The Property Casualty Insurers Association of America has issued a bulletin expressing serious legal and public policy concerns about a multi-state study being conducted by insurance regulators on the “impact of credit-based insurance scoring on certain groups of consumers.”

The PCI noted that a data call, the first step in the process of conducting the study, was sent to major personal lines insurers by several insurance departments this week.

“From the limited information regulators have shared with us, this study appears to be a conclusion in search of the facts,” stated Robert Zeman, PCI senior vice president, insurance and regulatory affairs. “A few individuals who are adamantly opposed to the use of insurance scores are trying to create reasons why this important and valid underwriting and rating tool should be banned. Unfortunately, if the study follows the methodology used in previous research projects it will fail to recognize the most important factor considered by every insurance company when writing a policy – risk of loss.”

It has been reported that states including Alabama, Indiana, Kansas, Louisiana, Maryland, Michigan, Missouri, Montana, Nevada, Oregon, Washington, and West Virginia, have issued data calls. However, the data call notice sent to insurers by the Indiana Department of Insurance indicates that 15 states are participating in the study. The PCI noted that the “Missouri Insurance Department is coordinating the study, and said it is “concerned that the project will mirror a flawed study conducted by Missouri regulators earlier this year.”

“The missing link in the Missouri study – and presumably in the study to be conducted by other states – is that the methodology failed to take into account policyholders’ loss experience. Insurers do not collect information on race, ethnicity, or income. They only compile data on risk factors and apply each factor equally to every consumer,” Zeman stressed.

PCI pointed out that individual consumers in any given geographic area will have a wide range of credit-based insurance scores. The use of credit histories allows companies to charge lower premiums to consumers within a rating territory who manage their assets responsibly. Insurance scores distribute the cost of coverage more equitably within a community where losses are incurred. Insurance scores do not move insurance costs between low-income and wealthier communities or neighborhoods.

“These states have undertaken this study despite the fact that the National Association of Insurance Commissioners Credit Scoring Working Group has consistently rejected this approach. More importantly, these studies fly in the face of laws enacted by dozens of states over the past three years that allow insurers to use credit histories with reasonable regulatory protections,” Zeman noted.

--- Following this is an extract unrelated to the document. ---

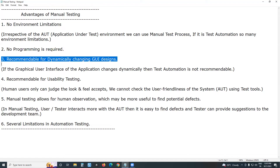The third advantage: manual testing is recommendable for dynamically changing GUI designs. Suppose the user interface of the application is changing dynamically — then test automation is not recommendable. With manual testing, you can easily test the application. With automation testing, modifications to automation test cases are difficult.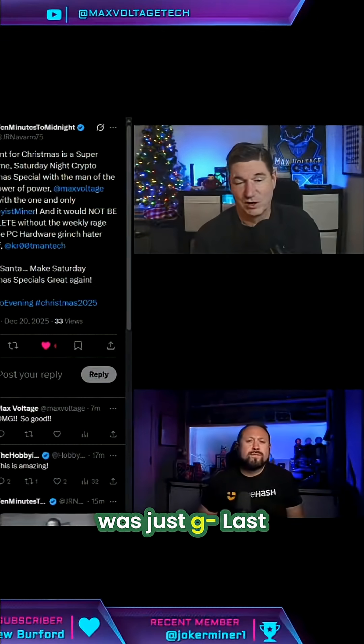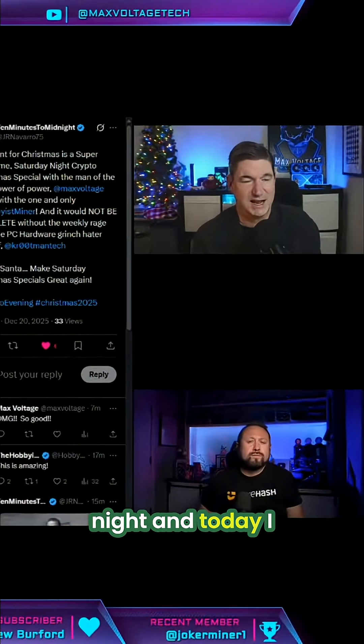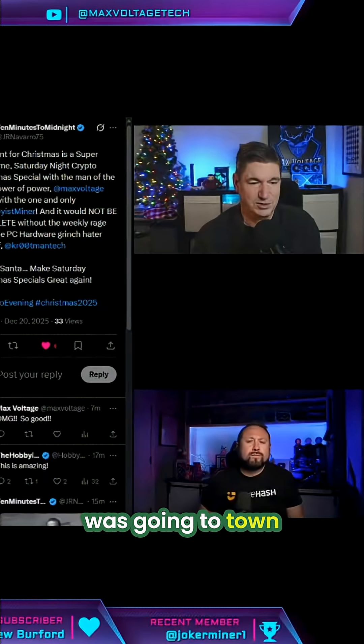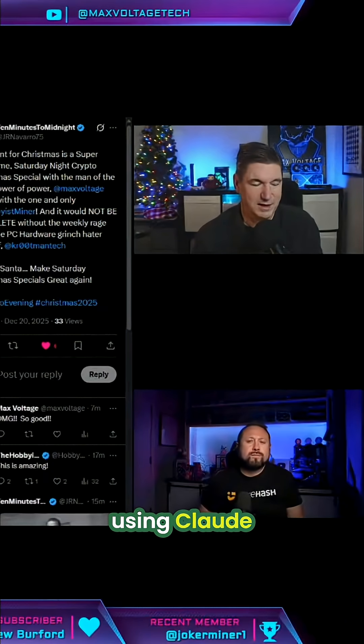And so last night and today I was going to town using Claude — Claude Code.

He encouraged state insurance departments and the NAIC to become involved in the study on the impact of credit scores on consumers that will be conducted by the Federal Trade Commission over the next 18 months. The FTC study is required by the Fair and Accurate Credit Transactions Act, the law passed by Congress earlier this year that reauthorizes the federal Fair Credit Reporting Act. The FCRA has allowed insurers to use credit history to underwrite and rate automobile and homeowners policies since 1970.

“The FTC study will be the most comprehensive of its kind,” Zeman stated. “It will explore the impact – both positive and negative – of credit reports on consumers, not just in insurance pricing, but financial services, housing and employment. We have serious legal and public policy concerns when states conduct politically motivated studies based on poorly designed research parameters.”